"What nonsense!" she cried. "If you were a coward, you would never have got here at all."
"Is that true?" asked Kit eagerly. "Then do you think the Princess will marry me?"
The girl looked down at him for a moment, with her untidy little head on one side. Then she bent and held out her two hands to him. "I think, perhaps, the Princess will," she said softly. "If you will help me down from this enormous high wall, we will go and ask her."
So Kit lifted her down from the wall, which was quite an easy matter, for it was in reality no higher than he was and the little girl was certainly the lightest weight he had ever held in his arms. "What are you looking for?" he asked, when he had set her on the ground, for she was kneeling down and turning over the dry leaves in a most distressed manner.
"I am looking for my crown, of course," she said with a pout; "it tumbled off my head just before you came, and I was too frightened to jump all that long way to find it."
"Here it is," said Kit; and he picked up the little glittering crown and set it gently on the top of her beautiful, rumpled hair. Then he started back in surprise. "You are the Princess!" he shouted.
"Of course I am," laughed Princess Winsome, putting her hand in his; "I knew that, all the time! Shall we go home now?"
Kit did not reply immediately, for no one can do two things at once, and it took him quite a long time to kiss the small soft hand that lay in his own big one.

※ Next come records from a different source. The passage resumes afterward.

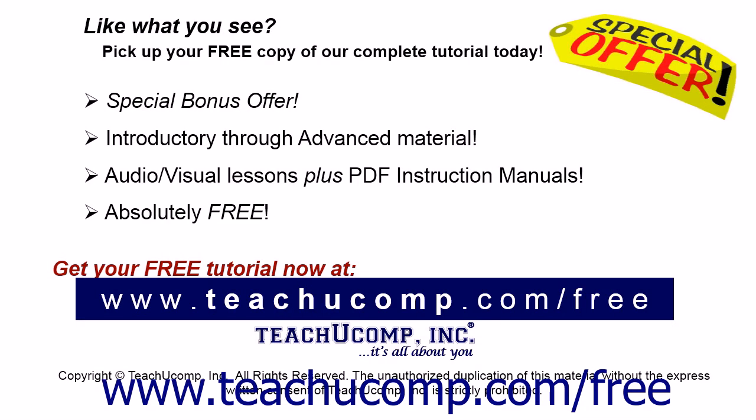Like what you see? Pick up your free copy of the complete tutorial at www.teachucomp.com/free.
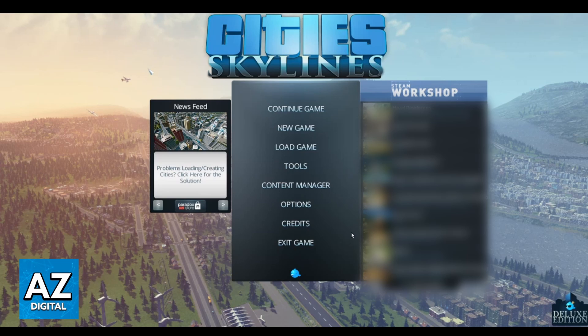First of all, you need to open your game. With the game opened, you'll be able to see the game home screen right here, and you can check continue game, new game, load game, tools, and much more. If you want to change the camera angle, you just need to join the game you want. You can continue your game, create your own, or load one.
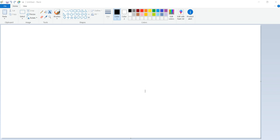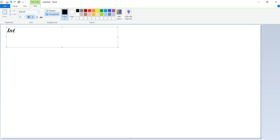Hi friends, good morning. Welcome to AndroIndian tutorials. From here we will concentrate on Java. First we'll concentrate on core Java tutorials. Entering into core Java, first we'll see an introduction about core Java — what is core Java, what are the versions, and how it came.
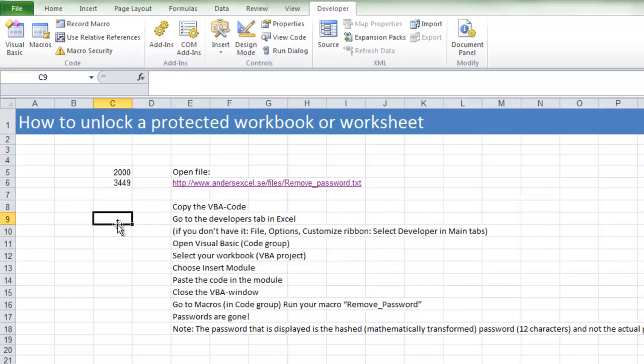So that's how easy it is to unprotect or unlock a protected workbook. Thank you for watching.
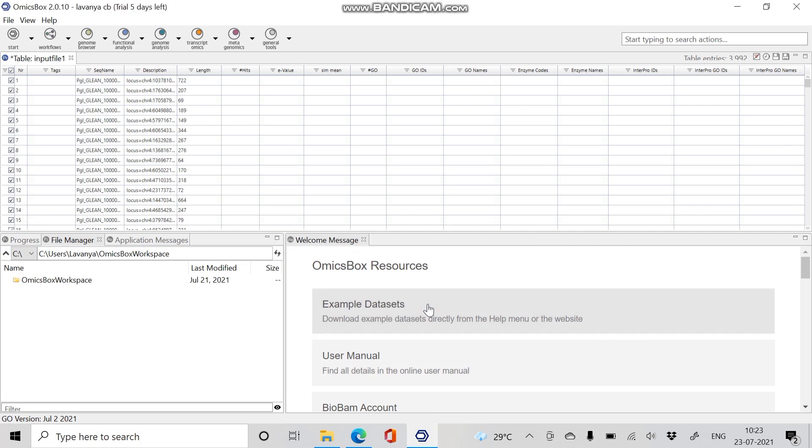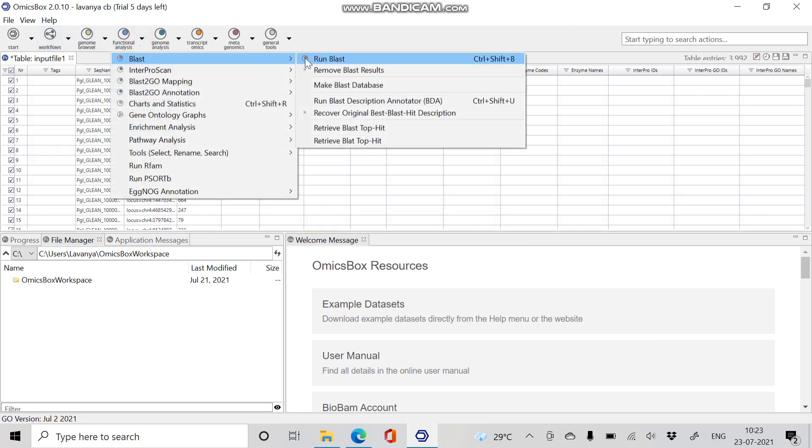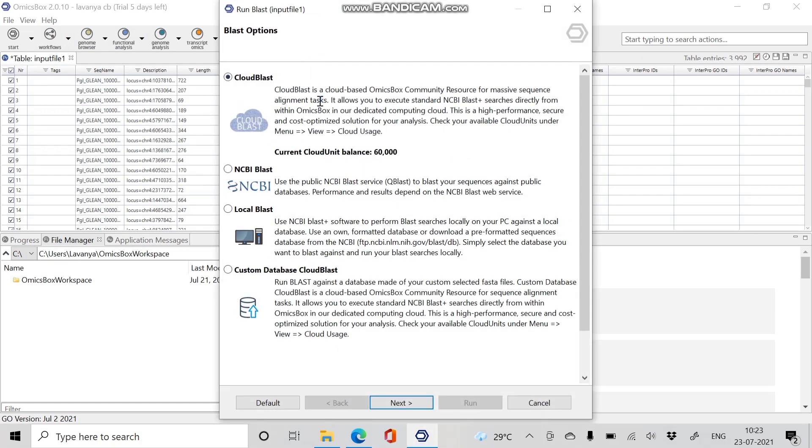Now we have to proceed with BLAST. Click on Functional Analysis, go to BLAST, and click Run BLAST. In the BLAST options, we have to select the database to proceed BLAST. Cloud BLAST is high performance, secure, and cost-optimized solution, independent from NCBI servers to provide fast and reliable sequence alignment.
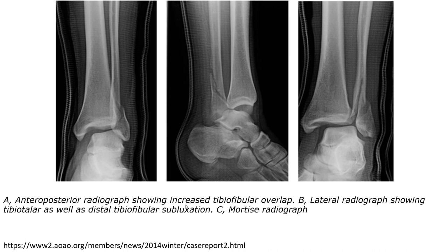The left image is an AP radiograph showing increased tibiofibular overlap. The middle image is the lateral view showing tibiofibular distal subluxation. And the right image is a mortise radiograph.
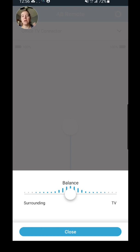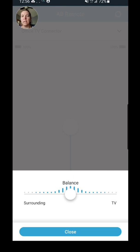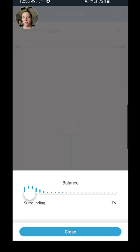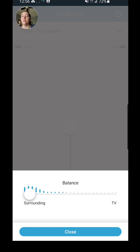Right now I'm getting about an equal amount coming from the TV Connector and from my microphones. But let's say somebody comes in and starts talking to me. I can adjust this by sliding that balance down. Now I hear nothing coming from the TV Connector and I hear all of my environment around me.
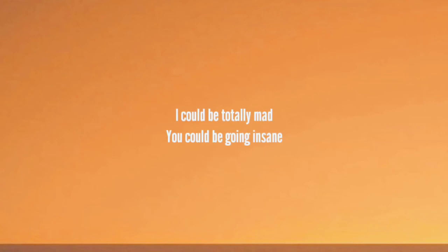I could be totally mad, you could be going insane.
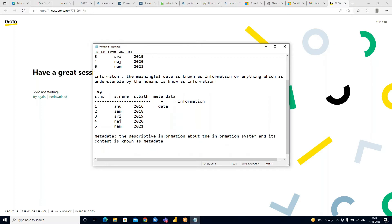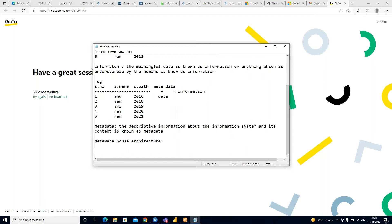Now we'll go through the data warehouse architecture. You might ask why it is required. We are using Tableau, which is a reporting tool, but to understand why we use it, the data warehouse architecture is very important. Let me take you through the data warehouse architecture with one use case.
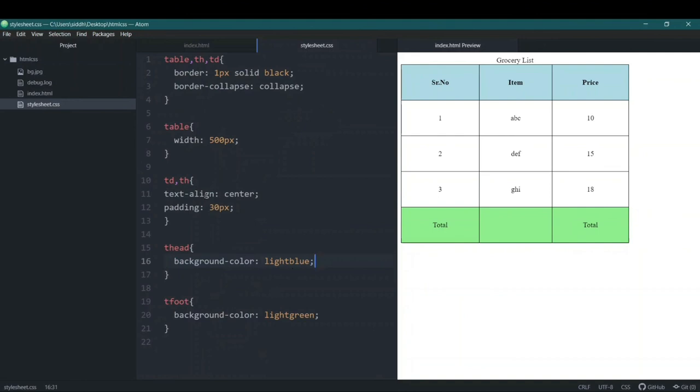So that was how we can style our table using HTML5 and CSS3. That's it for this video — I'll see you guys in the next one.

And as for going home, when they did start they did not get very far; for it must not be forgotten that they were still in an enchanted forest, and it is easier to get into an enchanted forest than to get out of it again. However, as they had everything in the world to talk about, they would probably have been most annoyed if they had found their way instead of losing it; so they just went on losing it as happily as possible, until they could not walk another step because an immense giant was occupying the whole of the roadway. There he sat, smoking a great pipe that looked like a chimney-pot that wanted sweeping; and when the Princess saw him, she was so frightened that she hid herself behind Kit and peeped under his arm to see what was going to happen.
"Hullo!" said the giant, in a huge voice that made the grass stand on end with fright, just as it does after a hoar-frost; "what's this? You're running away with the Princess!"